The International Swaps & Derivatives Association yesterday ruled that Greece’s use of collective action clauses forcing investors to take losses under the nation’s debt restructuring will trigger default insurance payouts.
In a statement before ISDA’s decision, KA Finanz said it may have risk provisions of about 1 billion euros if credit-default swaps on Greece it has written are activated. That includes charges of 423.6 million euros on an assumed loss quota of 80 percent, it said.
KA Finanz is the so-called bad bank of Kommunalkredit Austria AG, which was nationalized in 2008 when it was owned by Volksbanken and Dexia SA. While Kommunalkredit continues as a municipal lender and has to be sold again by Austria by mid-2013, KA Finanz took on securities, loans and CDS that are not part of that main business and is winding down those assets.
Austria has promised to keep KA Finanz’s capital ratio at 7 percent and Finance Minister Maria Fekter said on March 3 that the country may have to inject as much as 1 billion euros into KA Finanz to keep that pledge.
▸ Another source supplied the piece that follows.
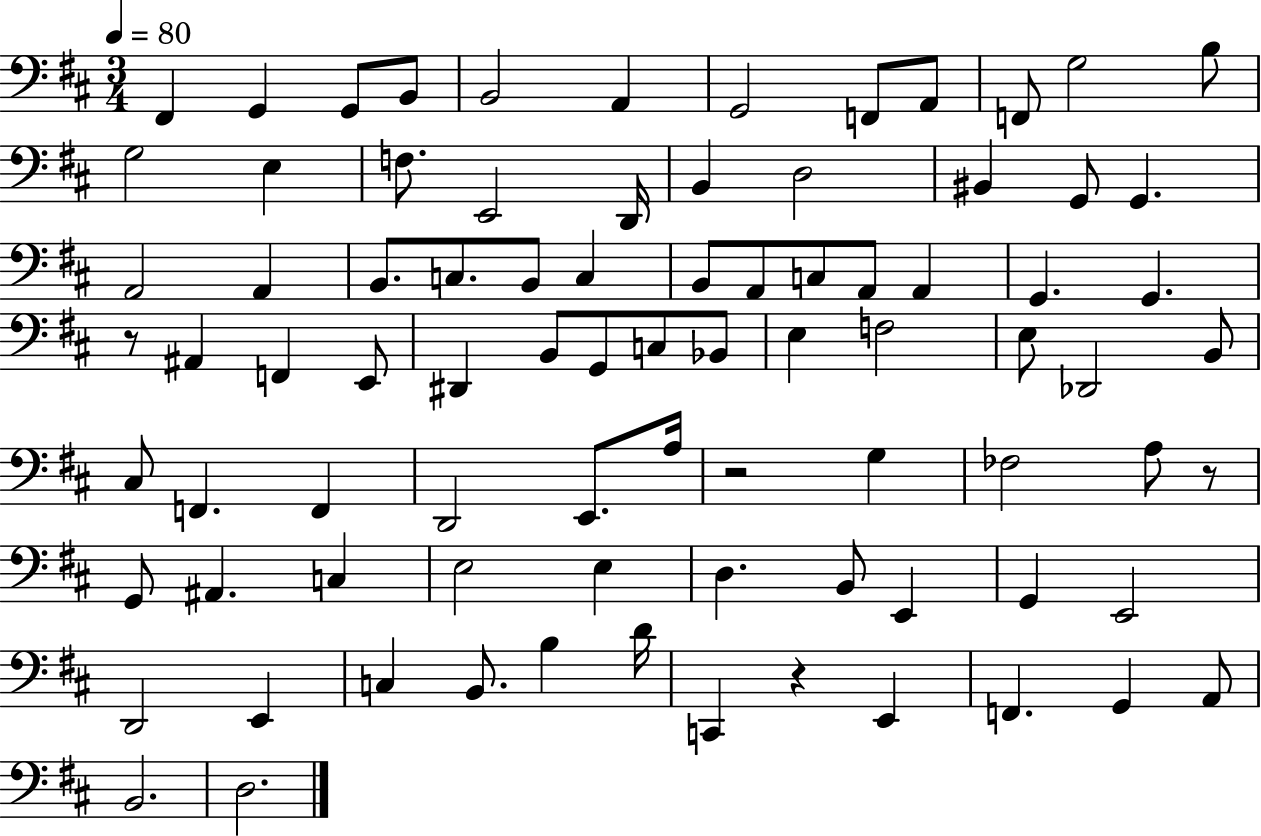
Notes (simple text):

The Alpine republic also has nationalized Hypo Alpe-Adria-Bank International AG and on Feb. 27 announced that it would take a stake of as much as 49 percent in Volksbanken after injecting 250 million euros into the lender and writing off 700 million euros of previous state aid. Austria is boosting its banking tax to finance the Volksbanken bailout.
The government made provisions to potentially inject 600 million euros into KA Finanz, Fekter said on March 3.
Exactly how much KA Finanz will need is yet to be determined, Austrian Central Bank Governor Ewald Nowotny said in a radio interview with state broadcaster ORF today, adding that 1 billion euros would be a worst case.
Traders will hold an auction to settle the CDS on March 19, according to the ISDA.